Requirement — Pictures aside, write out the data exactly as it reads.

Short text fragments from websites:
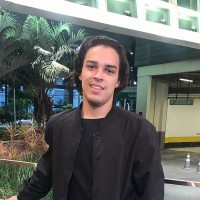 Deryk Moura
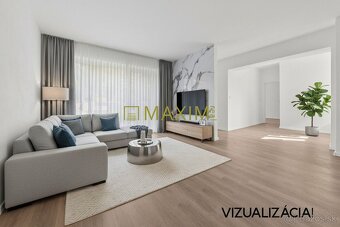 TOP - Moderná jednopodlažná nehnuteľnosť pre celoročné bývan - 6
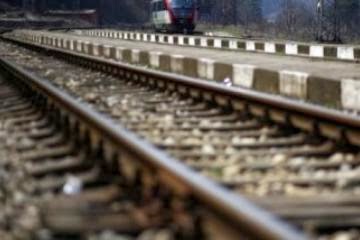 Τραγωδία στην Αλεξανδρούπολη: Τρένο σκότωσε δύο άνδρες - Φωτογραφία 1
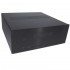 HIFI 2000 HTPC MODU MD11 Case Black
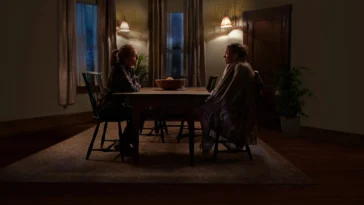 How to watch Echo Valley (2025)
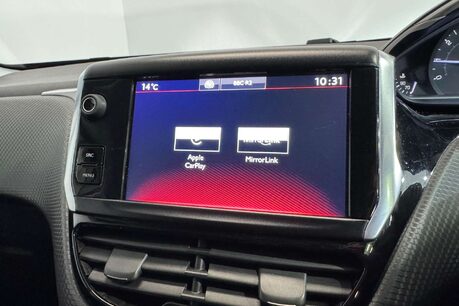 Peugeot 208 1.2 PureTech GT Line Hatchback 5dr Petrol Manual Euro 6 (s/s) (110 ps) 26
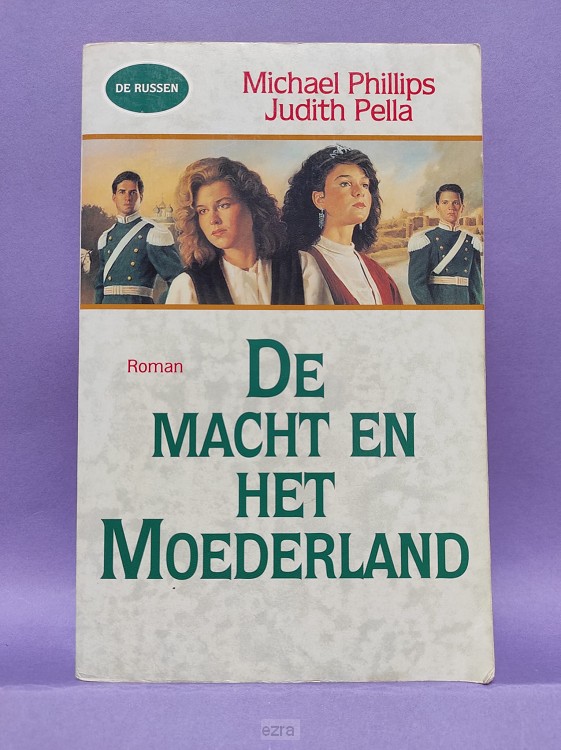 Macht en het moederland [2dehands]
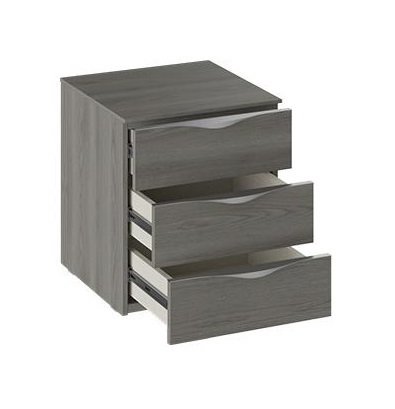 Тумба Трия Либерти ТД-297.03.01 (хадсон) - фото2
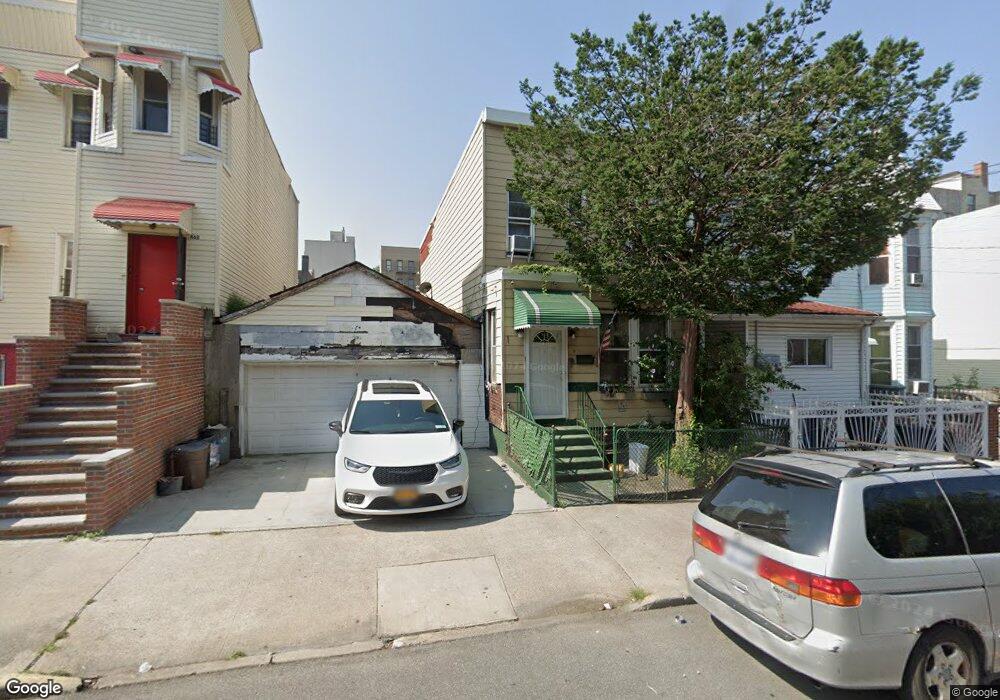 458 E 185th St, Bronx, NY 10458 - photo 1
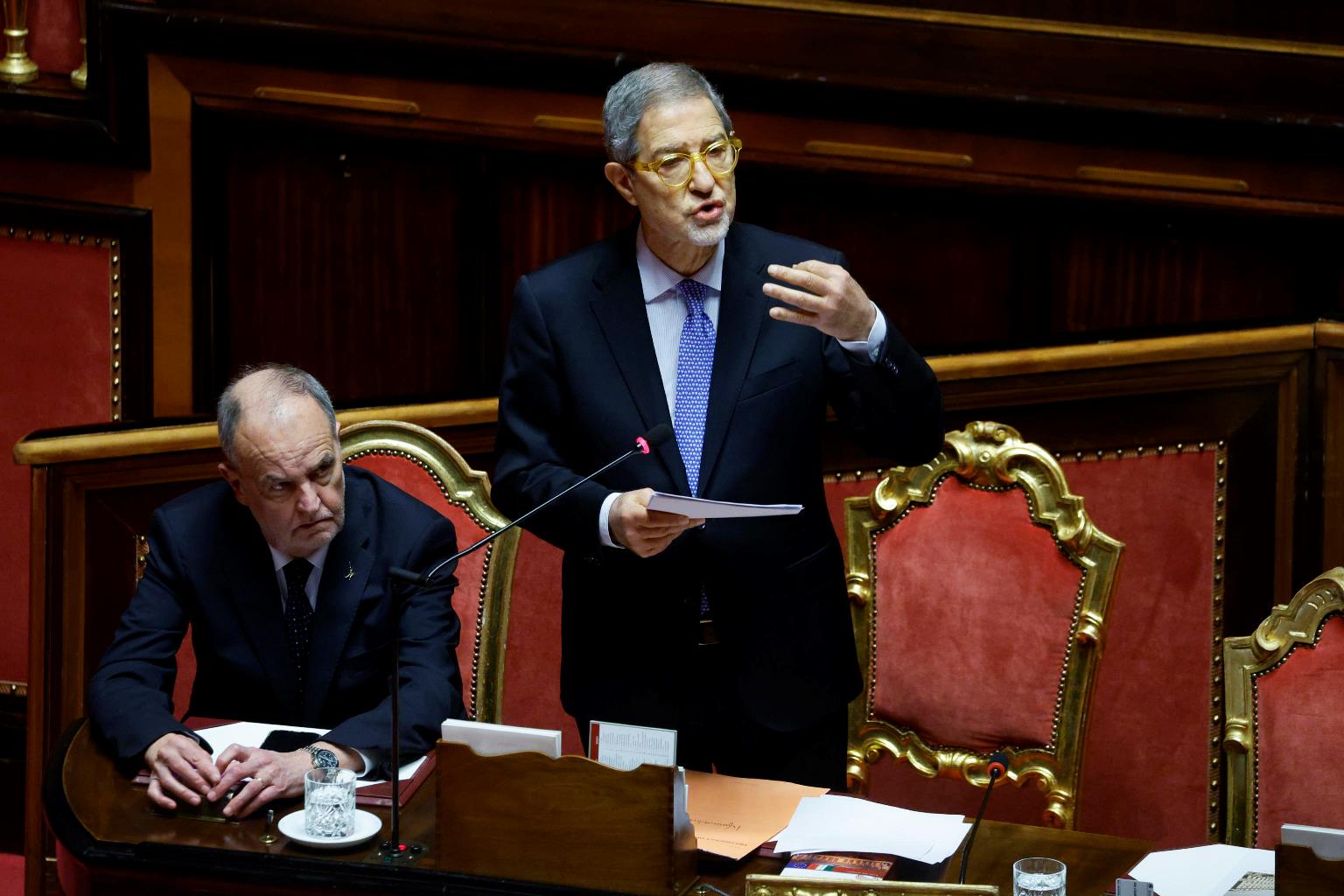 musumeci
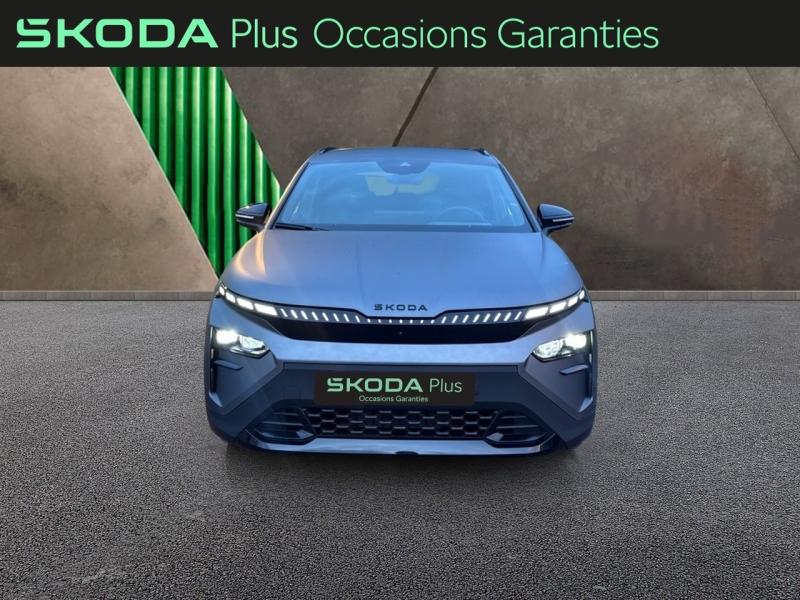 Voitures occasions ŠKODA Elroq RS Villemomble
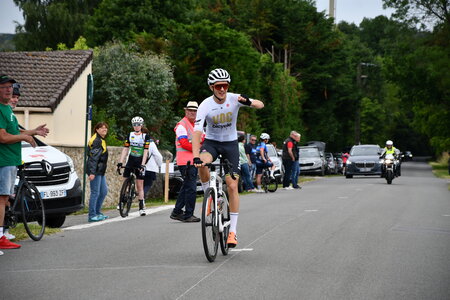 CHAMPIONNAT REGIONAL UFOLEP IDF CYCLOSPORT 15 06 2025 DEPART 10h00, DSC_4335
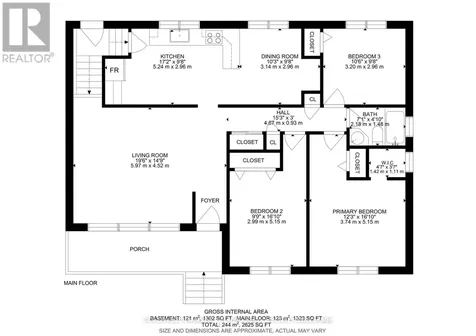 454 O'beirn Road Uxbridge ON L9P 1R1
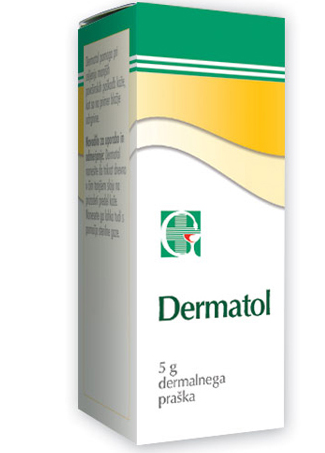 Dermatol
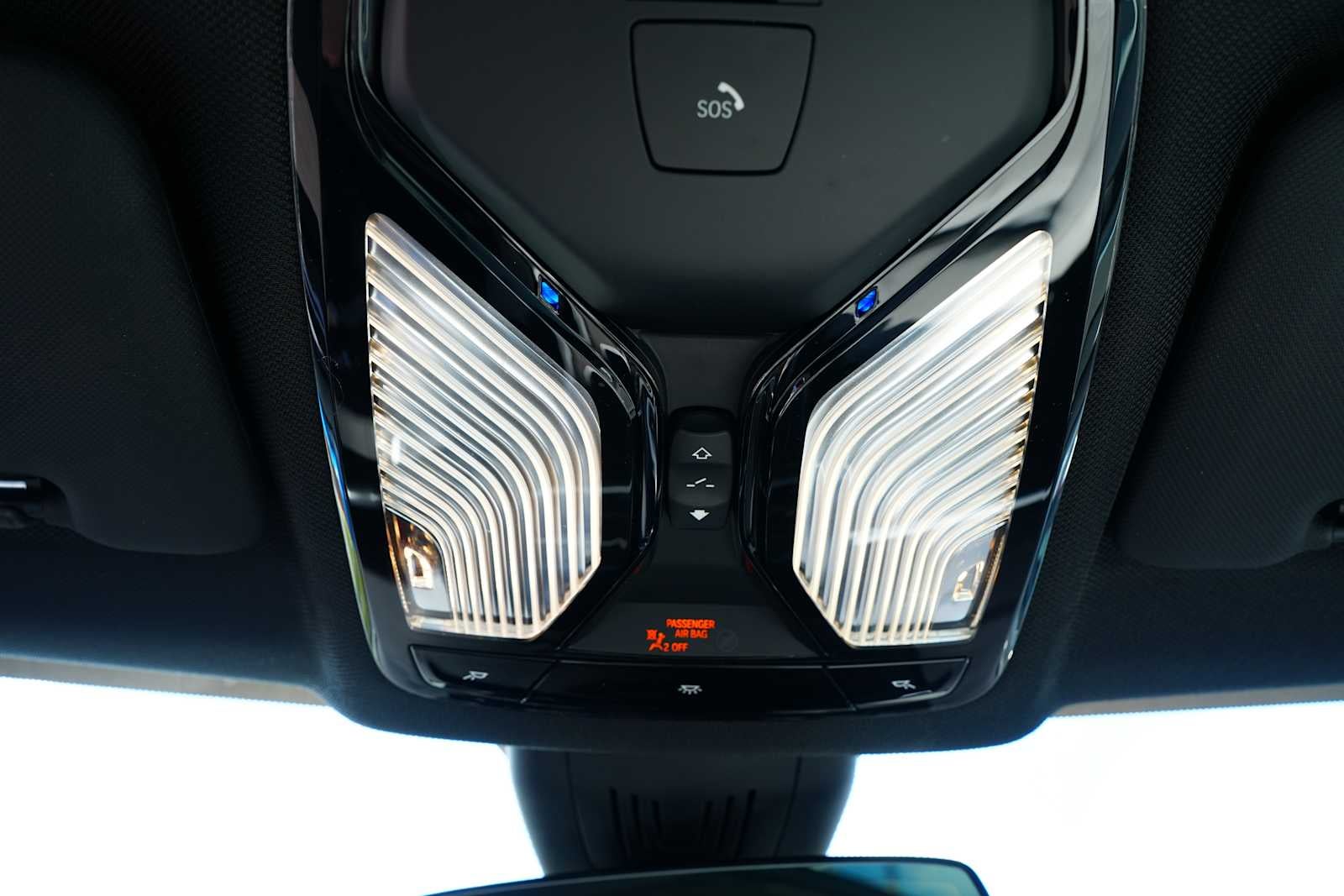 2023 BMW X5 xDrive40i Sports Activity Vehicle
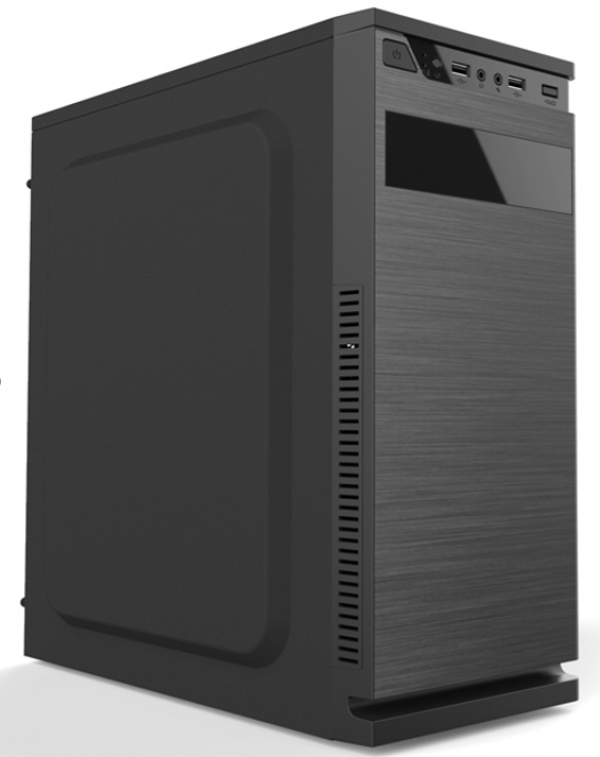 Kućište Stars Solutions K01 500W  USB2.0 x2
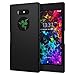 Spigen Liquid Air Armor Designed for Razer Phone 2 Case (2018) - Matte Black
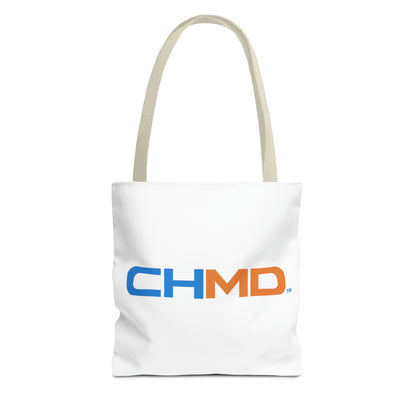 CHMD Tote Bags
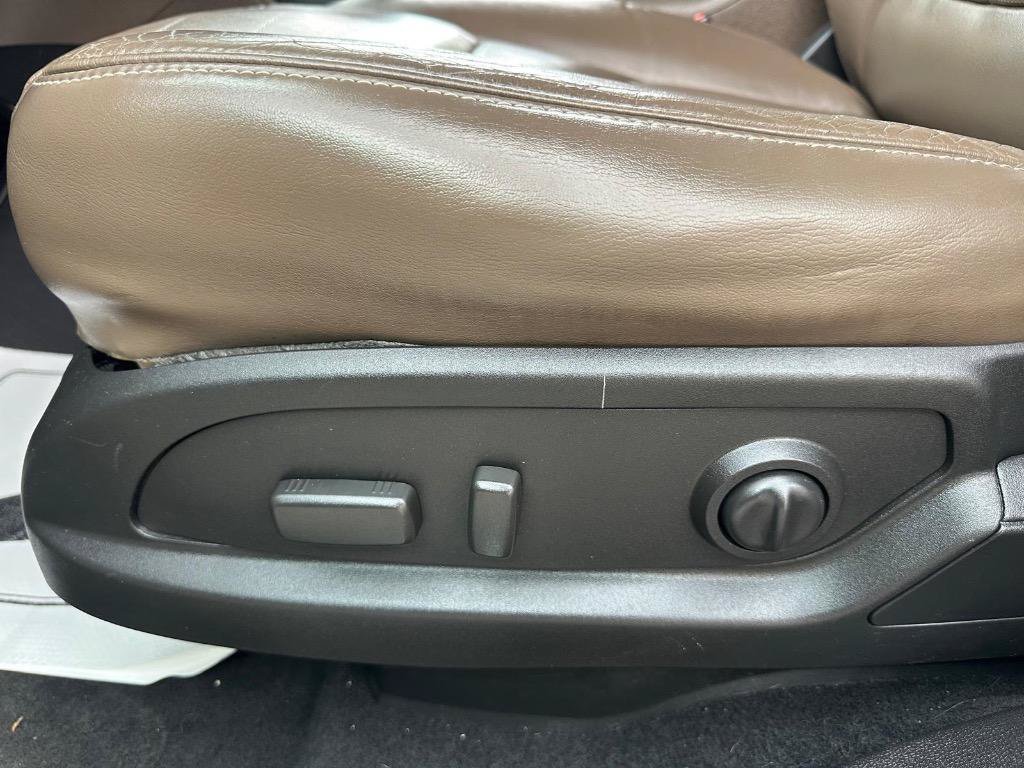 Used 2014 GMC Acadia SLT FWD image 19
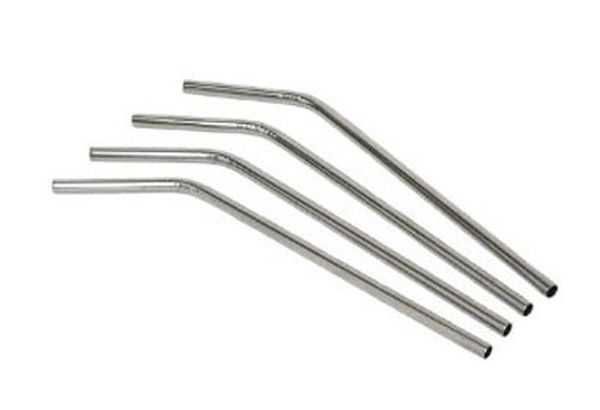 Stainless Steel Straws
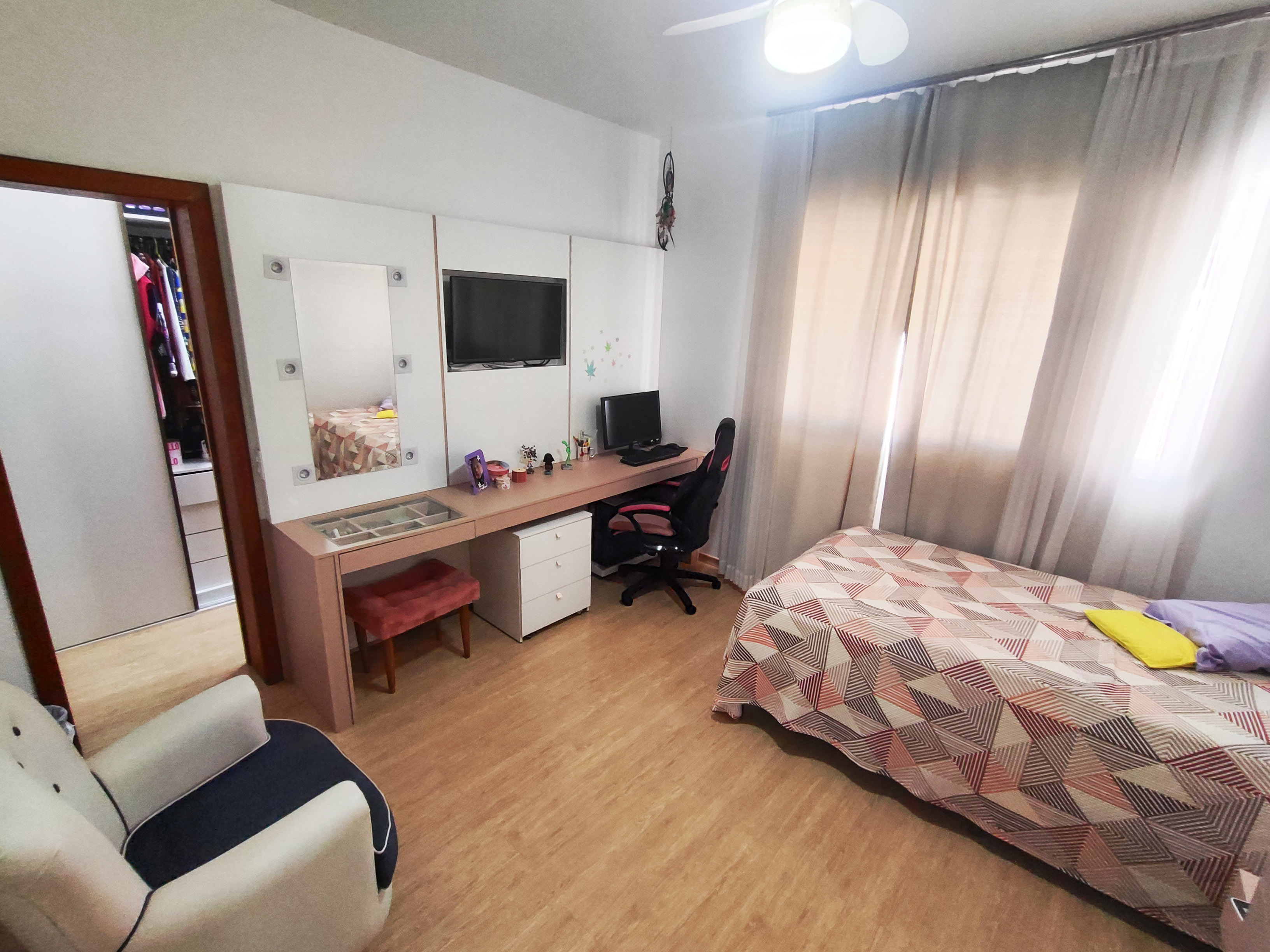 Imagem Casa com 3 Quartos à Venda, 137 m²em Dona Clara - Belo Horizonte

Written reply —
 Deryk Moura
 TOP - Moderná jednopodlažná nehnuteľnosť pre celoročné bývan - 6
 Τραγωδία στην Αλεξανδρούπολη: Τρένο σκότωσε δύο άνδρες - Φωτογραφία 1
 HIFI 2000 HTPC MODU MD11 Case Black
 How to watch Echo Valley (2025)
 Peugeot 208 1.2 PureTech GT Line Hatchback 5dr Petrol Manual Euro 6 (s/s) (110 ps) 26
 Macht en het moederland [2dehands]
 Тумба Трия Либерти ТД-297.03.01 (хадсон) - фото2
 458 E 185th St, Bronx, NY 10458 - photo 1
 musumeci
 Voitures occasions ŠKODA Elroq RS Villemomble
 CHAMPIONNAT REGIONAL UFOLEP IDF CYCLOSPORT 15 06 2025 DEPART 10h00, DSC_4335
 454 O'beirn Road Uxbridge ON L9P 1R1
 Dermatol
 2023 BMW X5 xDrive40i Sports Activity Vehicle
 Kućište Stars Solutions K01 500W  USB2.0 x2
 Spigen Liquid Air Armor Designed for Razer Phone 2 Case (2018) - Matte Black
 CHMD Tote Bags
 Used 2014 GMC Acadia SLT FWD image 19
 Stainless Steel Straws
 Imagem Casa com 3 Quartos à Venda, 137 m²em Dona Clara - Belo Horizonte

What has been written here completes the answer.